- **TASK TO COMPLETE**:
Leave the pictures out and print every record below exactly as it stands.

[[ RECORD EXCERPTS, beginning ]]

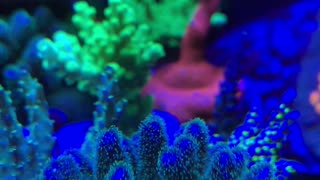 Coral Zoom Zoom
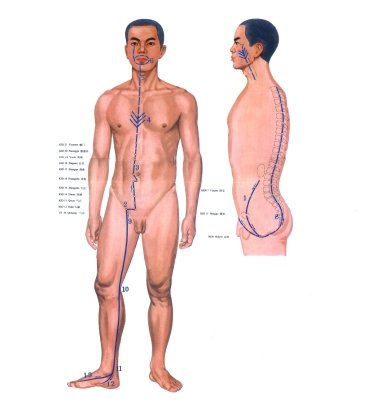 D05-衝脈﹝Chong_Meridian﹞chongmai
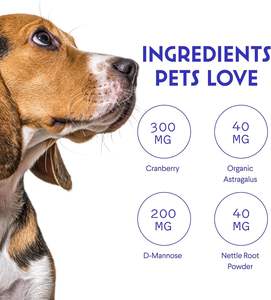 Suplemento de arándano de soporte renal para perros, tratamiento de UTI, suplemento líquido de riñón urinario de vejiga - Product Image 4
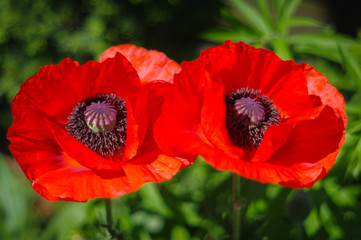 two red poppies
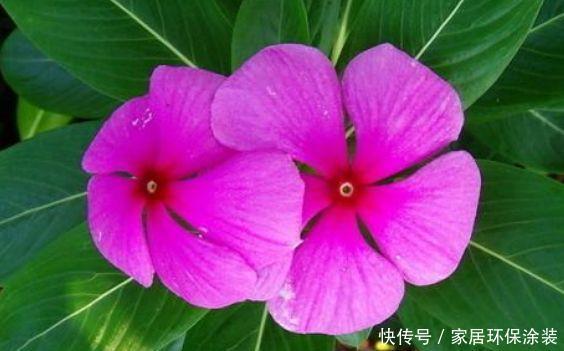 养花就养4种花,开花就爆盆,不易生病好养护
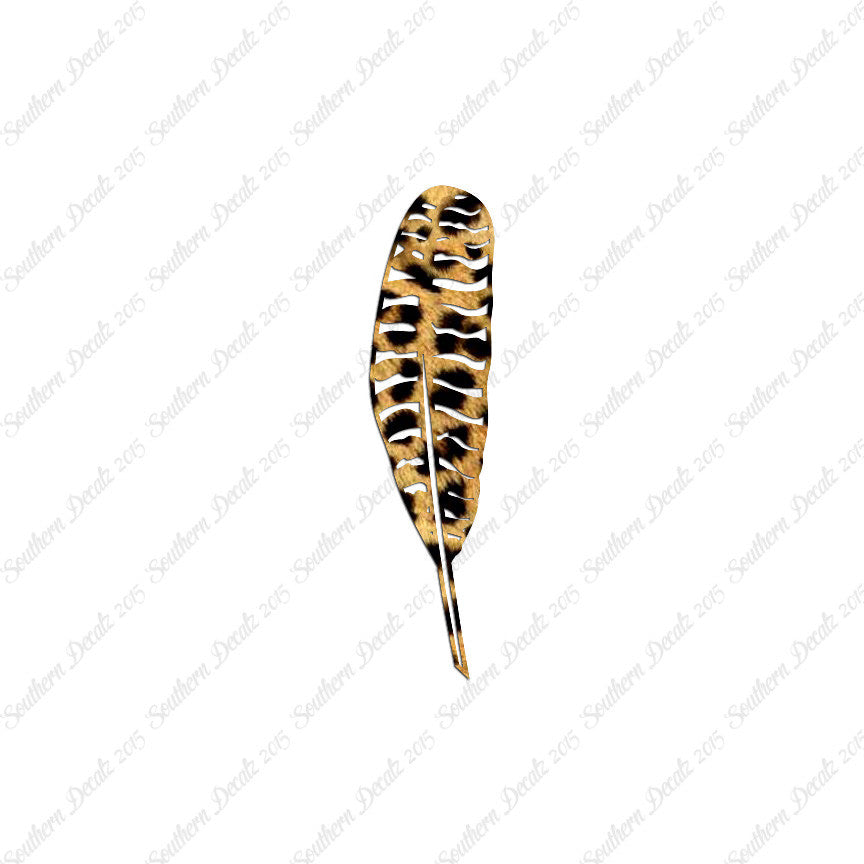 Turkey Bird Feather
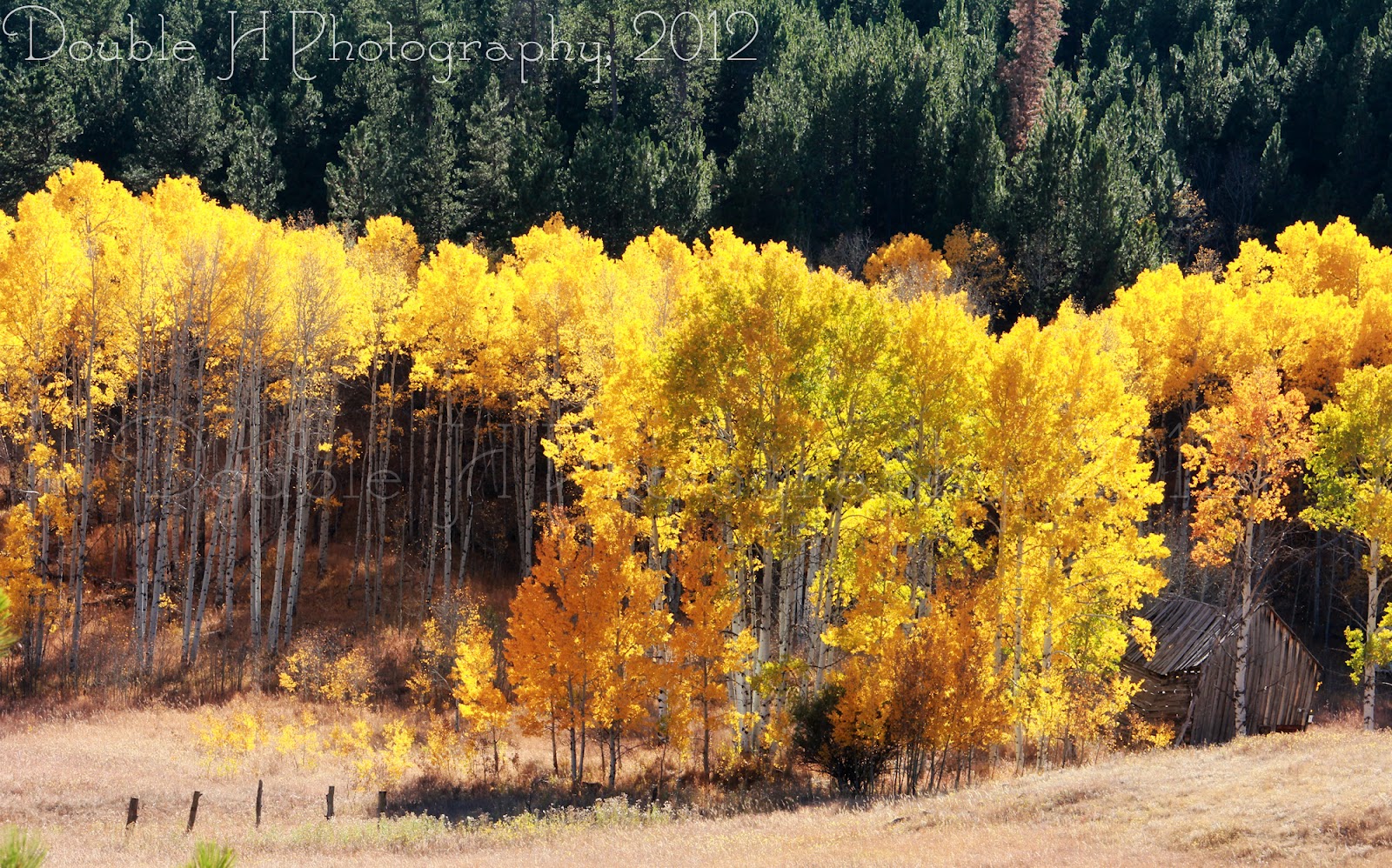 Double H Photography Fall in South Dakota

[[ RECORD EXCERPTS, end ]]

- **EXERCISE OUTPUT**:
 Coral Zoom Zoom
 D05-衝脈﹝Chong_Meridian﹞chongmai
 Suplemento de arándano de soporte renal para perros, tratamiento de UTI, suplemento líquido de riñón urinario de vejiga - Product Image 4
 two red poppies
 养花就养4种花,开花就爆盆,不易生病好养护
 Turkey Bird Feather
 Double H Photography Fall in South Dakota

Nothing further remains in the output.